The 41-year-old Duke of Sussex started exchanging Facebook messages with former Mail on Sunday diary editor Charlotte Griffiths in 2011 and allegedly sent friendly communications such as "[you] missed a good party" and "I would have been ... drinking [you] under the table," as reported by The Telegraph and The Times on March 31.

Harry, who acknowledged in court that they had met at a party hosted by movie producer Arthur Landon, previously distanced himself from Griffiths, reportedly testifying in January that he'd "cut contact" upon finding out she was a journalist.

"I had no idea that she was a journalist at that time," King Charles' younger son said, per The Times. "I met her once at a weekend, and then the next day, after I’d left, after the weekend had finished, I found out who she was. I had words with my friend and that was that."

Prince Harry arrives at the High Court in London on Jan. 22, 2026, during the first week of a 10-week trial involving Daily Mail publisher Associated Newspapers, which Prince Harry and others are suing over allegations of privacy breaches dating back 30 years.

The alleged communications between Harry and Griffiths, now the newspaper's editor-at-large, appeared to show a familiarity between the two amid a High Court case in which the prince claims the media company used unlawful means to obtain information that was used for reporting on himself and six other public figures.

"I've been seriously busy since I last saw [you] but plan on getting back in the mix for Feb! [You] best be around," Harry allegedly messaged Griffiths in January 2012, according to The Telegraph. He also purportedly wrote, "Miss our movie snuggles."

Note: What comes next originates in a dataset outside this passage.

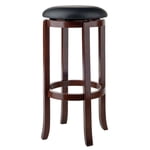 Winsome Walcott Swivel Seat Bar Stool, Black & Walnut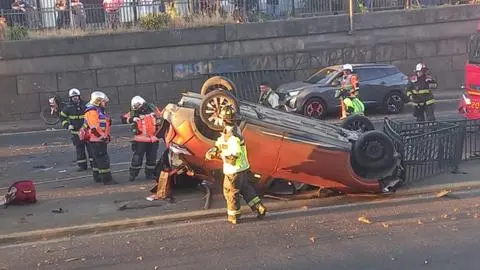 Vehículo volcó tras accidente de tránsito en Concepción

USA TODAY has reached out to Prince Harry's representatives for comment.

The exchanges were brought to light as the nearly 11-week trial concluded arguments on March 31. Judge Matthew Nicklin has said he will work on the case after "a short break over Easter" but warned the parties that "judgment will take some time."

Why Prince Harry is suing the Daily Mail's publisher

The case in London's High Court was initiated in October 2022, when Harry, Elton John and his husband David Furnish, and actors Liz Hurley and Sadie Frost, among other notable U.K. personalities sued Daily Mail and Mail on Sunday publisher Associated Newspapers Limited.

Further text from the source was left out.